Reading through the older issues, I see this has a suggestion that might work for me:

https://github.com/ptaoussanis/carmine/issues/104

But before I re-write my code (and ask my co-worker to re-write his) I would love someone's opinion about whether Carmine (and the underlying thread pool) was a likely cause of the RejectedExecutionException.

ptaoussanis commented 8 years ago

Hi there,

Could Carmine cause RejectedExecutionException?

Indirectly, if you're exhausting resources like your thread pool.

I wasn't sure what to do with "pool" so I left it blank:

That should be fine, that just gives you the default pool options which are reasonable.

Then I go into a loop and wait for it to be processed

Ahh, this could be your problem - your loop is quite aggressive and might be overtaxing your pool's ability to recover. Try adding a polling delay to the nil? branch:

(if (nil? processed)
  (do (Thread/sleep 10) ; Wait 10 msecs (could be much longer, depends on your requirements)
        (recur (carmine/wcar redis-connection (carmine/hget id "processed"))))
  ; else branch
)

Also make sure you're not creating too many of these loops.
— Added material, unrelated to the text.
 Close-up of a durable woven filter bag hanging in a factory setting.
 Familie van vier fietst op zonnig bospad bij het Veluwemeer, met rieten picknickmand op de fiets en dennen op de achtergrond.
Reading through the older issues, I see this has a suggestion that might work for me

Yes, that'd be another option. There's pros and cons to each. Polling (as in your snippet) is a simple quick hack but requires you to choose a polling interval that'll determine the minimum average latency.

Using a blocking read op may be better in production or at scale since it avoids unnecessary polling calls and can achieve lower minimum average latency.

Depends on your requirements, but the first option is just a 1 line change and should work with a reasonable sleep val.

Does that help?

sugarsunflower commented 8 years ago

You have helped me a great deal. Thank you.